The Hard Thing is Usually the Right Thing
But though we had already suffered and been shamefully treated at Philippi, as you know, we had boldness in our God to declare to you the gospel of God in the midst of much conflict.1 Thessalonians 2:2
One of my persistent life flaws is that I always look for the easy way out. Usually, I want to do the least amount of work possible to accomplish any task. I once applied this approach to my addiction, which didn’t go very well. Recovery is hard work, involving painful, life-long change. Back when I was using though, I wasn’t interested in any of that, and so it took me a long time to find recovery. In fact, I didn’t find it until I experienced consequences that were painful enough to convince me that I must embrace difficult, radical transformation.
Occasionally, in Christian circles, I’ll hear about how God showed someone his will by closing one door and opening another.

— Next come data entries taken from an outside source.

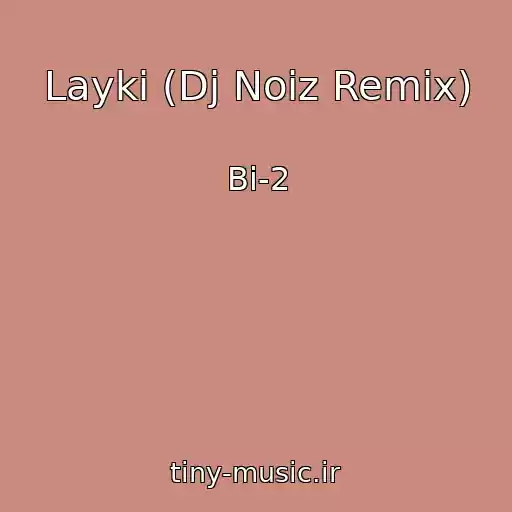 کاور آهنگ Layki (Dj Noiz Remix) از Bi-2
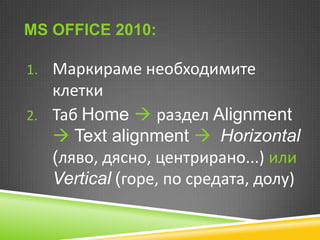 MS OFFICE 2010:
1. Маркираме необходимите

клетки
2. Таб Home  раздел Alignment
 Text alignment  Horizontal
(ляво, дясно, центрирано...) или
Vertical (горе, по средата, долу)

 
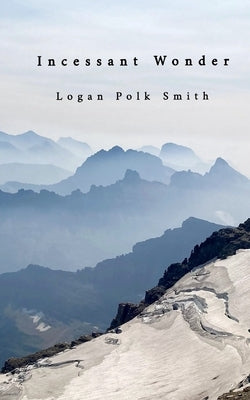 Incessant Wonder by Smith, Logan Polk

What is usually meant, is that the individual speaking was headed in one direction which was shut down, and so they had to turn and go another direction, which they attribute to God guiding them. I have no reason to doubt this kind of thinking, but I’ve always worried that it could give an audience the idea that the easiest route must be God’s will.
In today’s passage, Paul reminded the Thessalonians how he continued to share the gospel, despite persecution and conflict. Had Paul seen hostility as God telling him to stop, he wouldn’t have gotten very far. Wherever Paul went, he encountered closed doors. To be fair, Paul did leave Thessalonica eventually due to Jewish opposition, but he continued to spread the gospel. Paul persisted in God’s will, despite many closed doors. For Paul, the hard life was the right life. When making decisions, it seems Paul didn’t choose the easy thing, but rather, the right thing.
When faced with a difficult decision, and there isn’t clearly a right or wrong path, I’ve often found that the thing I don’t want to do is probably the right path. For better or worse, my first impulse is often wrong and so, if I’m not sure what I should do, but I know what I don’t want to do, then the thing I don’t want to do is usually the route I should choose.
The right choice is often the hard one. Wrong usually looks preferable but has some price to pay later. Right, on the other hand, usually requires some sacrifice initially, but is its own reward in the end. In doing the wrong thing, we eventually find misery. In doing the right thing, we find hope, joy, and peace, despite the discomfort.